Me congelé.
El mundo se detuvo por un segundo entero al verlo. Fue como si todo el aire del planeta decidiera ausentarse justo cuando más lo necesitaba. Mi primer instinto fue girarme y salir corriendo, desaparecer, como si pudiera deshacerme de la incomodidad simplemente saliendo de escena. Pero apenas di medio paso, sentí su mano rodearme el brazo. Su tacto era suave… pero firme.
—¡Suéltame! —le grité, con la voz más temblorosa y valiente que pude juntar en ese momento.
Un hombre en la mesa de al lado se acercó, preguntando si todo estaba bien. Lo vi con ojos de auxilio, y aunque Raven intentó calmar la situación diciendo que no pasaba nada, lo interrumpí al instante.
—Sí, sí pasa algo —dije, sintiéndome como una olla a presión a punto de explotar.
Y entonces... el destino, siempre tan oportuno, decidió soltar el segundo meteorito del día.
Mi madre y mi abuela salieron corriendo del restaurante, con caras de susto. El cliente le pidió a Raven que me soltara, pero él se limitó a decir:
—Es un problema entre mi mujer y yo.
¿¡Mi mujer!?
Yo me herví entera. Me sentí como una caricatura a la que le sale humo por las orejas.

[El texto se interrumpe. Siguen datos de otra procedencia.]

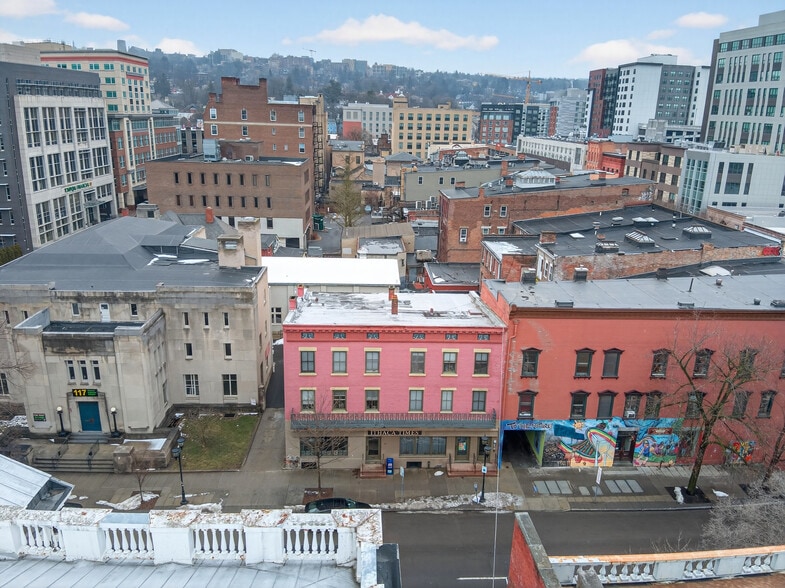 109 N Cayuga St, Ithaca, NY for sale - Building Photo - Image 2 of 8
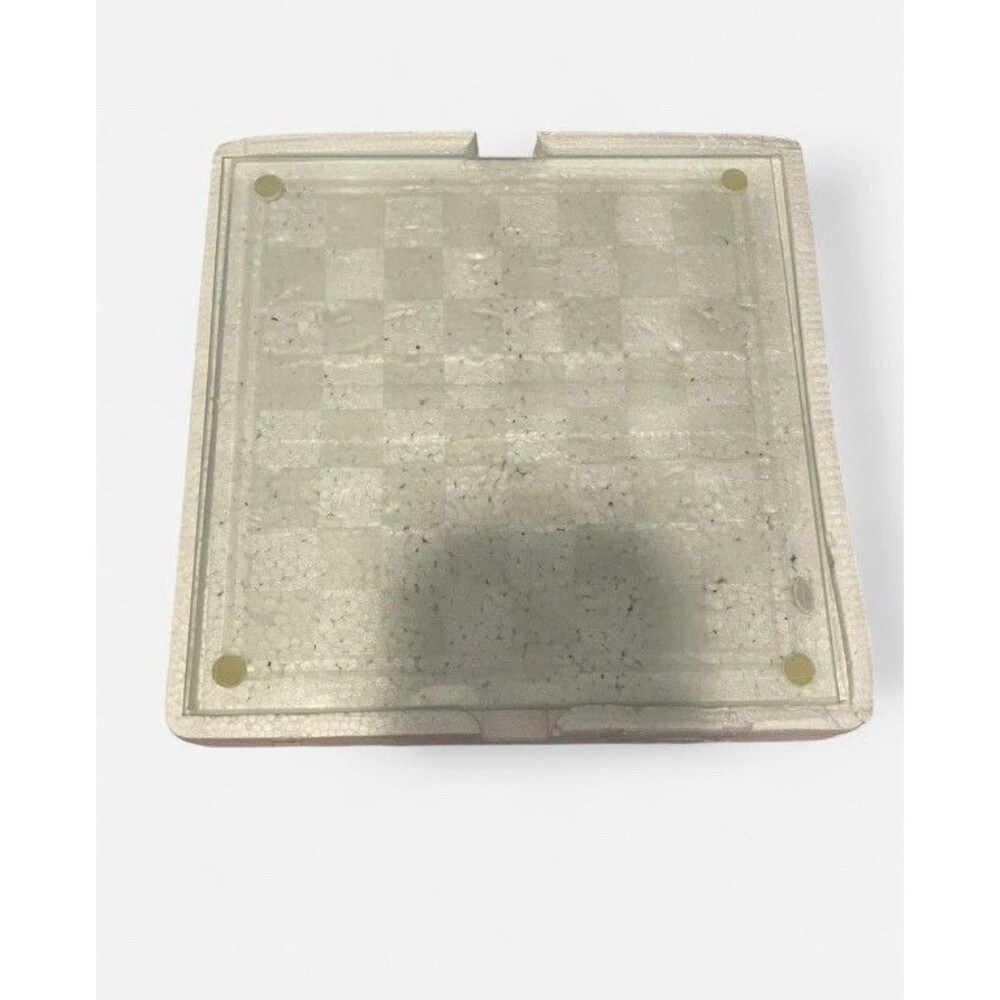 Grandmaster Regulation Chess Set - Picture 6 of 6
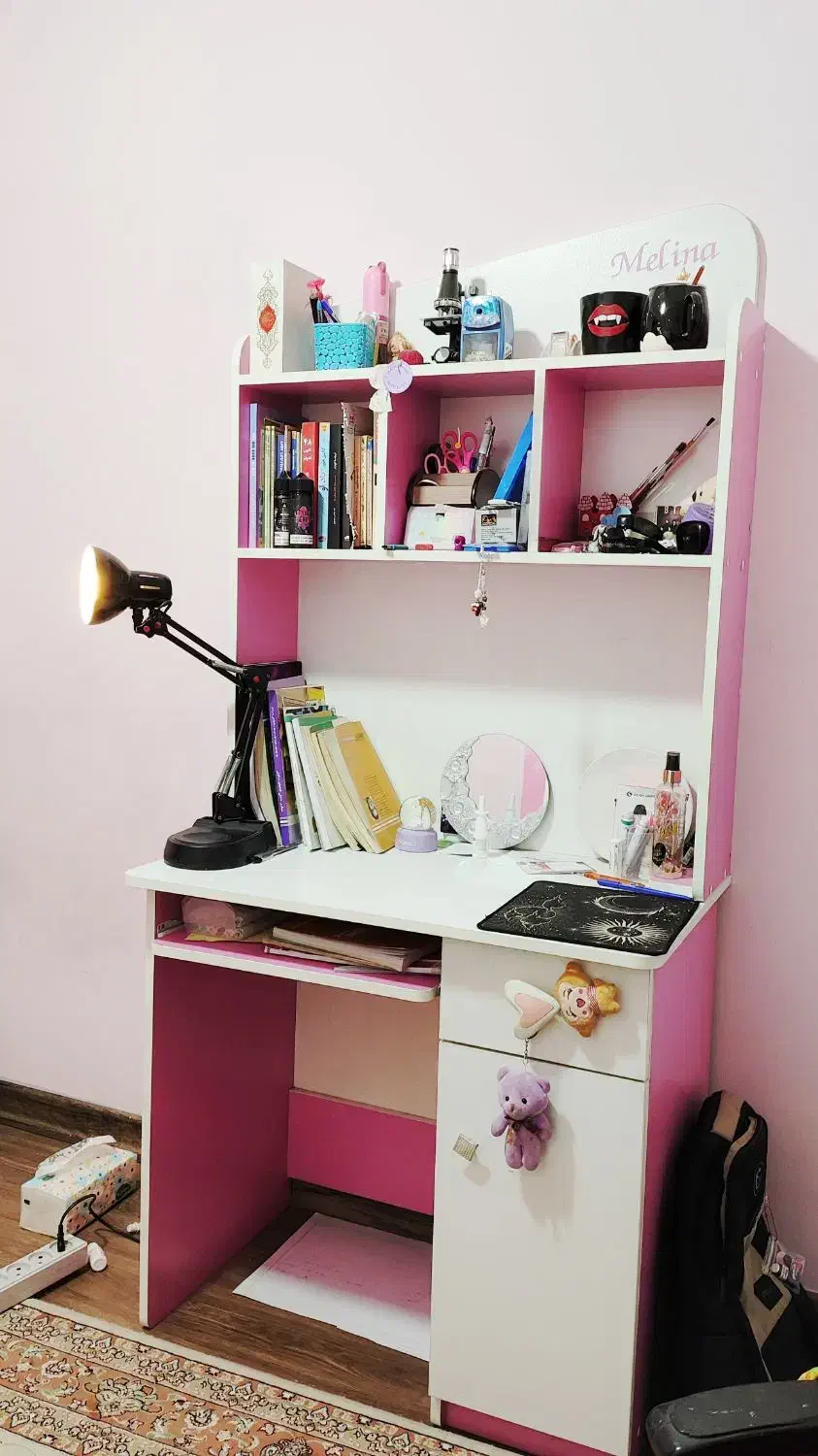 میز تحریر کمد و تخت بسیار محکم و تمیز|تخت و سرویس خواب|تهران, سازمان آب|دیوار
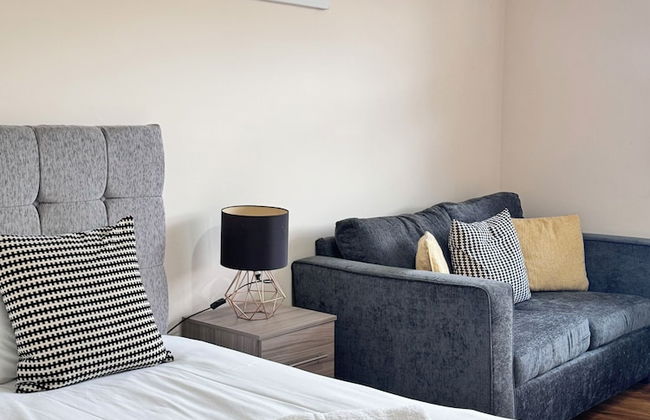 Heathrow Stay 5 Mins to the Terminals - Foto 2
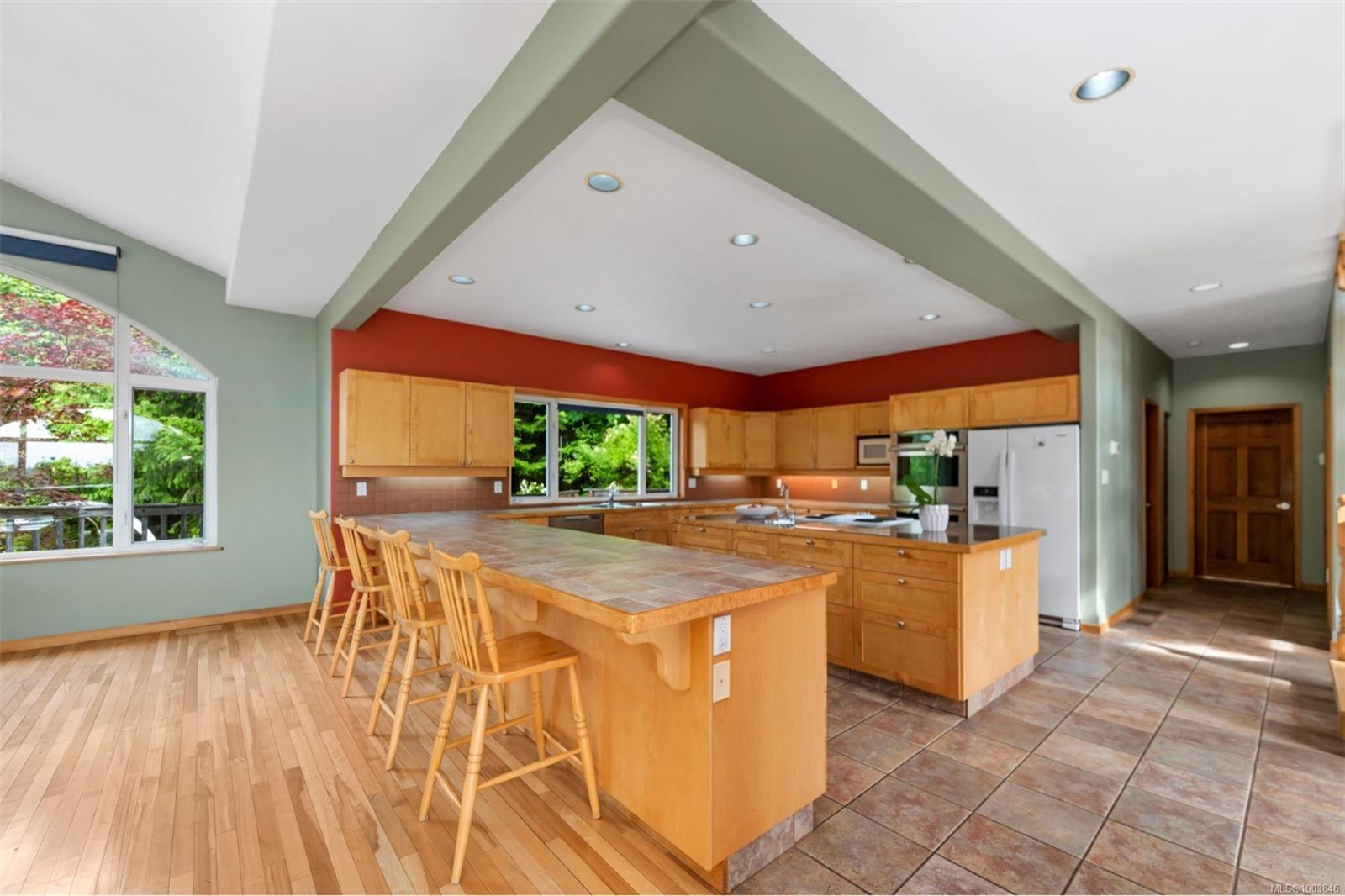 Property Photo:  2836 Oceanside Lane  BC V8H 1E1 
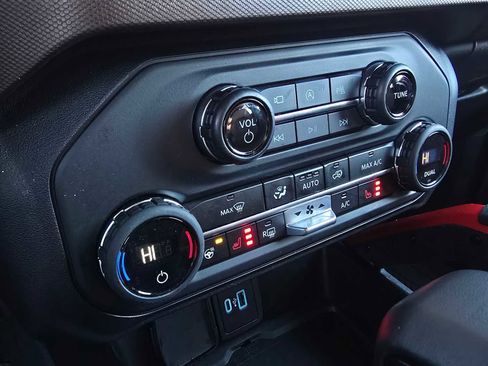 Used 2023 Ford Bronco Heritage Edition image 29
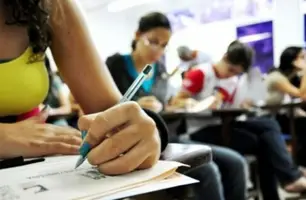 Redação do Enem aborda mulheres e invisibilidade do trabalho de cuidar (Foto: Agência Brasil)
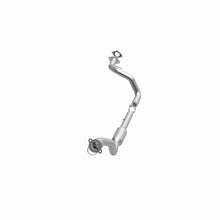 Load image into Gallery viewer, MagnaFlow Exhaust Products 21-758 OEM Grade Direct-Fit Catalytic Converter for Select Buick Terraza, Chevrolet Uplander, Pontiac Montana, Saturn Relay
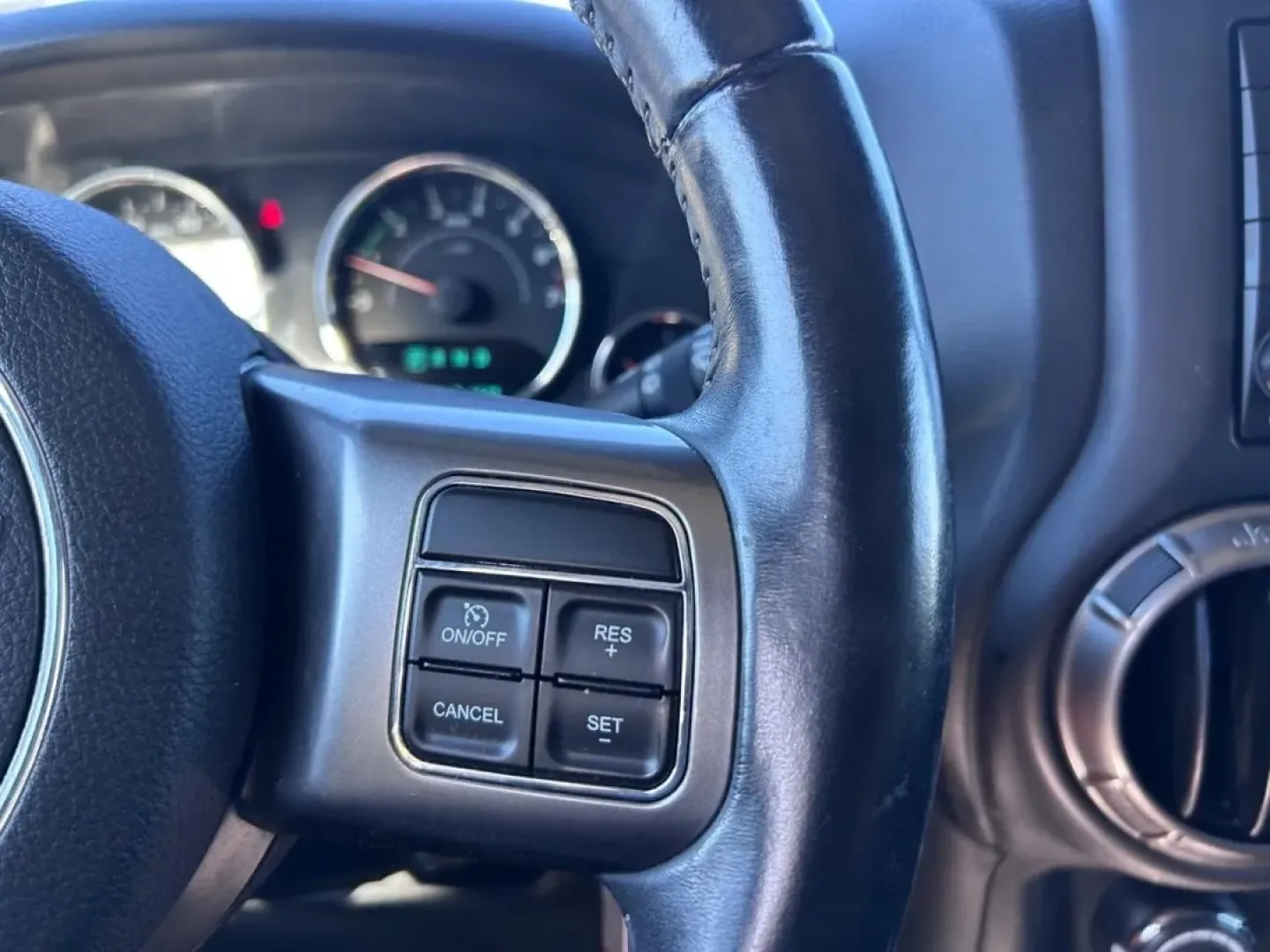 2018 /Black Leather Jeep Wrangler Unlimited Altitude (1C4BJWEG9JL) with an 3.6L V6 24V VVT engine, located at 970 Woodlawn Dr., Farmington, MO, 63640, (573) 431-7800, 37.825642, -90.468674 - Are you ready to embark on your next adventure? Whether you're navigating city streets or tackling rugged trails, the 2018 Jeep Wrangler is the ultimate companion for those who crave both excitement and reliability. At Pettus CDJR Farmington, we understand that your vehicle is more than just a means - Photo#12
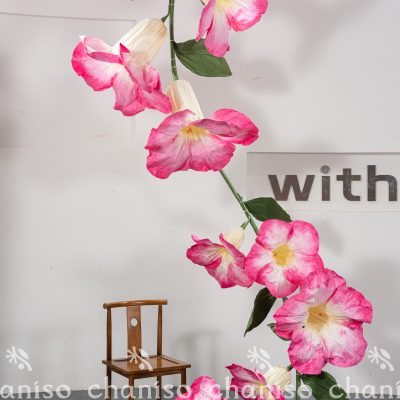 Oversized Hanging Florals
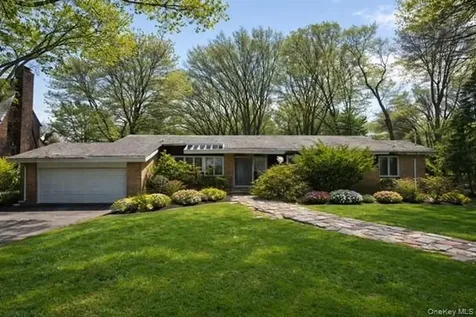 18 Emerson Avenue Staten Island NY 10301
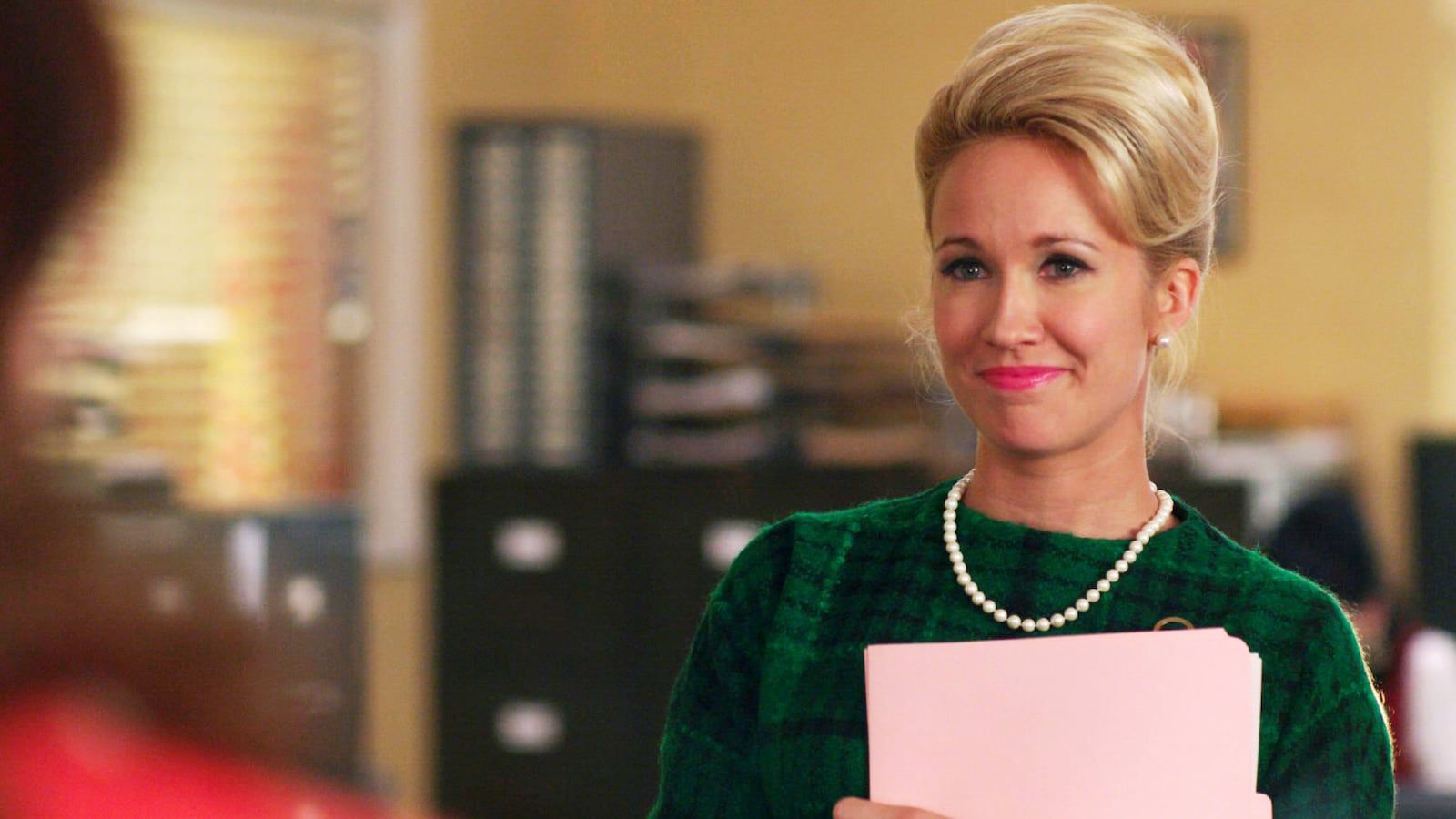 1600x900 Anna Camp: Why Donald Trump Needs to Watch 'Good Girls Revolt'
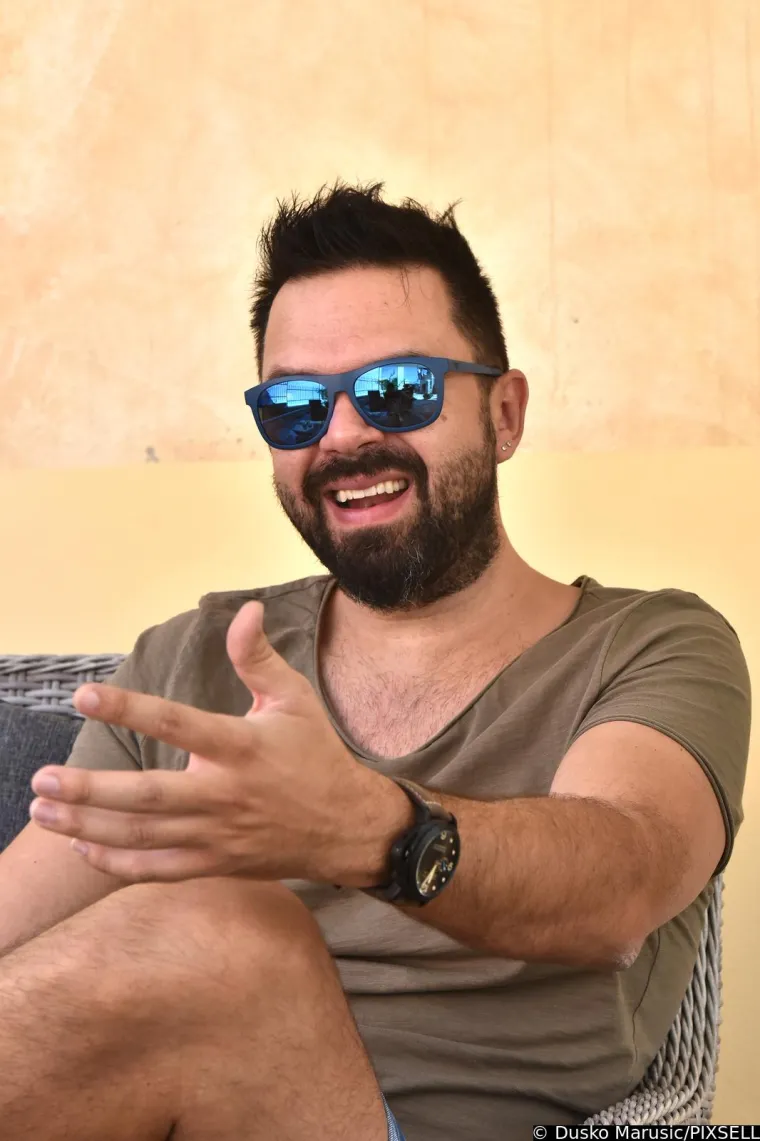 Dugogodišnje prijateljstvo prošle je godine preraslo u ljubav i tada je započeo nezapamćeni interes Hrvata za ovaj novopečeni par. 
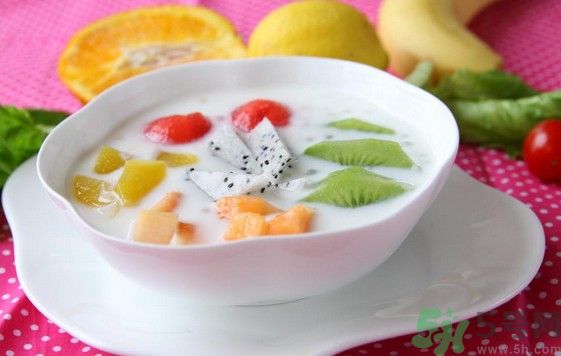 寶寶用貝爾蒂絲藍(lán)雛菊痱子水會(huì)過敏嗎？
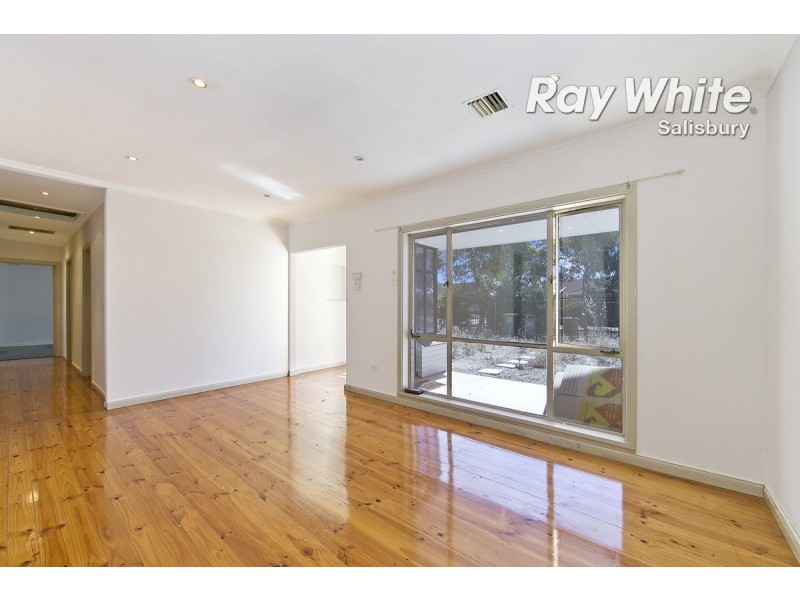 10 Benalla Street, Brahma Lodge SA 5109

—¿¡Entre tu mujer!? —repetí, con un tono tan ácido que podría derretir metal—. ¿Yo soy tu mujer ahora?
Agarré el menú del restaurante y lo golpeé con él sin pensar. No fuerte, pero lo suficiente para acompañar el dramatismo que me corría por las venas. Honestamente, no era el mejor momento para improvisar una telenovela, pero parecía que ya estábamos en pleno capítulo 76.
—¡Dakota, por favor! —dijo mi madre, acercándose. Pero no podía hablar. No encontraba las palabras.
Maldito Raven. Malditos sus ojos, su voz, su forma de sujetarme como si aún tuviera derecho.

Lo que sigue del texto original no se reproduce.